KNUST Research Week and Scientific Conference: Empowering Researchers to Achieve Impactful Outcomes

Accurate liquid level sensing is very essential in applications such as pharmaceutical, water, chemical and oil storage, where even minor errors can result in overflow, leakage, or pump failures that may result in explosions, environmental contamination, and costly downtime. However, current sensing methods still suffer from limited accuracy under dynamic conditions, sensitivity to environmental factors, and restricted applicability to liquid types and container geometries, highlighting the demand for more robust, versatile, and cost-effective solutions. This project introduced the development of a laser-based, non-contact, and continuous liquid level sensing system using the time-of-flight principle. A photodetector and a 940nm laser diode are integrated into a single unit and mounted at the top of the liquid container. The time taken by the emitted laser pulse to travel from the sensor unit to the liquid surface and get reflected to the detector (time of flight) is used to calculate for the liquid level in the container. The developed laser sensor device was tested with cooking oil and clean water over a 1cm to 25cm range to evaluate its accuracy and performance with liquids of differing refractive indices and surface properties.

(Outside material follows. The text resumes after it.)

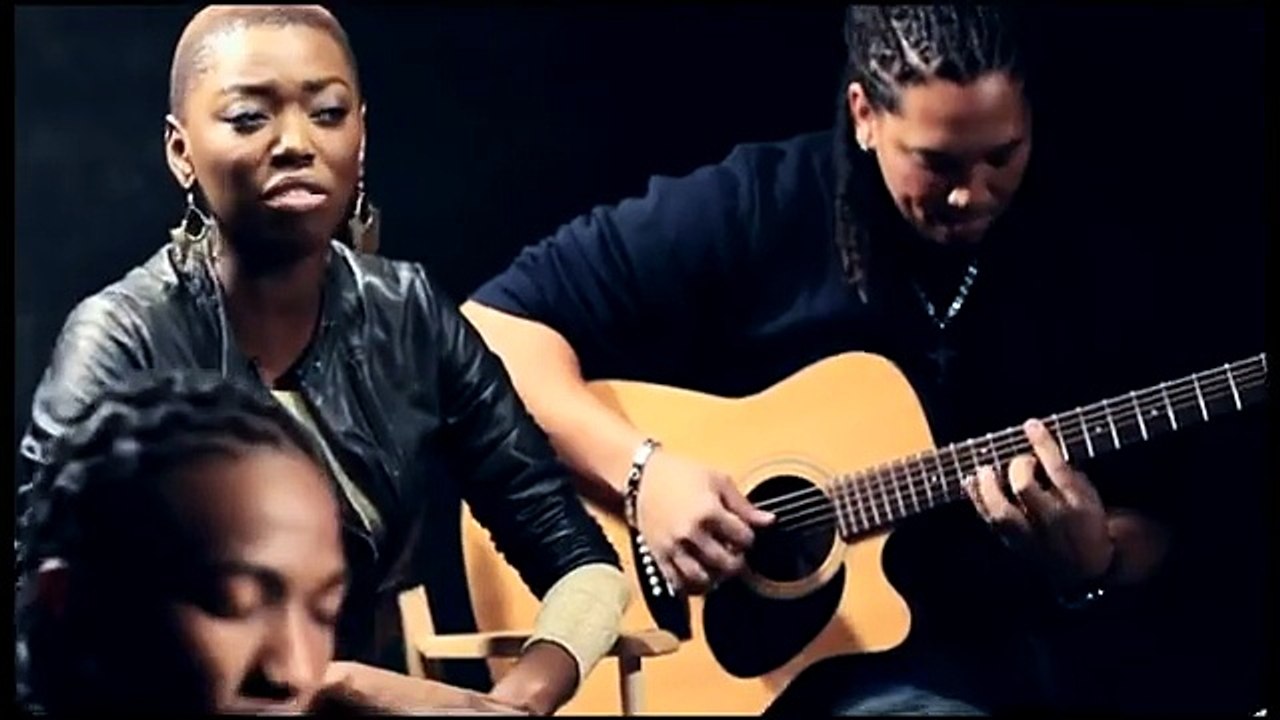 New & Next: Lira Performs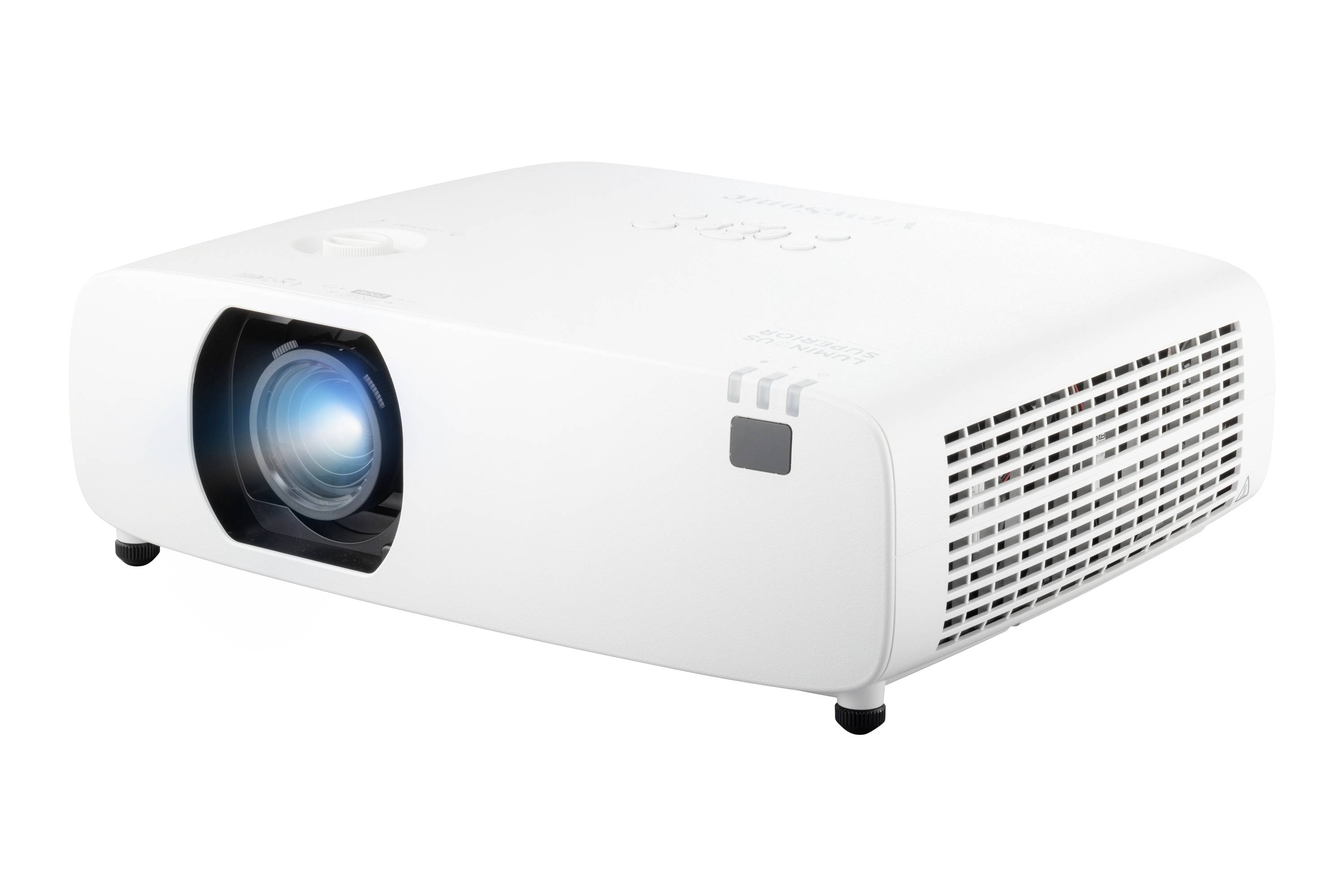 Biały projektor z świecącą soczewką stoi na stole i nadaje się do prezentacji lub projekcji filmowych.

A mean percentage error of 0.58% and 3.83% were obtained for both the cooking oil and the clean water, respectively. The results indicate the system's accuracy for liquid level measurement, demonstrating higher accuracy for liquids of relatively higher refractive index. This approach to liquid level measurement is suitable for applications where the purity of liquids is a high priority, as it provides precise readings without needing to get in direct contact with the liquid regardless of the container geometry.